Japanese stocks suffered a dramatic loss overnight, finishing down 10.6% after falling as much as 14% intraday. Combined with the previous day's loss of 6.2%, this is the worst 2 day performance since 1987 for Japanese equities. Indeed, in 2 sessions the entire advance in that market since the lows of September have been erased.
(the chart below is one day delayed, but the Nikkei closed at 8605)
Obviously the one-two punch of an earthquake-tsunami, would be one thing but the unknown fallout (no pun intended) of the nuclear leak(s) is a hard to grasp variable. How bad it gets, when we will know how bad it ultimately gets (how open ended is this?), and when any actual rebuilding of the hard hit areas begins, are all up in the air. The Japanese government is not offering much comfort as they seem to either not know what is going on, or not wanting to say it publicly.
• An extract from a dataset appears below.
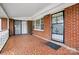 Covered front porch featuring tile flooring, brick walls, and black iron security door and white railing at 800 Old Little Rock Rd, Charlotte, NC 28214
I mentioned yesterday there was a supreme air of complacency in U.S. markets as the belief the Fed can hold up everything continued - which I can't blame speculators because Ben Bernanke literally writes op-ed pieces on his backstop of every asset on Earth. Yesterday was just another moment for the never ending supply of dip buyers as we had another afternoon 'buying opportunity' to rush into the market.... bidding it up. Those buyers will be trapped this morning by a severe gap down of 2.5%ish (as I write). Based on the early premarket action, the S&P 500 will finally be entering a more serious type of correction with a premarket print some 6.3% below the highs of mid February. Obviously this market continues to be more news driven then technically driven, so it is difficult to apply normal techniques to analyzing where things are going. But unlike yesterday when the financial community was complacent and thankful for a dip to finally get in, I expect a lot more consternation today.
As I've said for the past 2-3 weeks, there has been a change of character and now is a time for caution - this continues to be the case. Obviously any good news from Japan will cause a spike in markets at some point down the road, but losing a lot of capital while waiting for that news is not a smart risk management strategy.
Lost in this news flow is a Fed meeting today; obviously with hot spots popping up all over the world the potential for QE3 strengthens. Not something to be discussed in this meeting but this will be the center of attention in the next 2 meetings.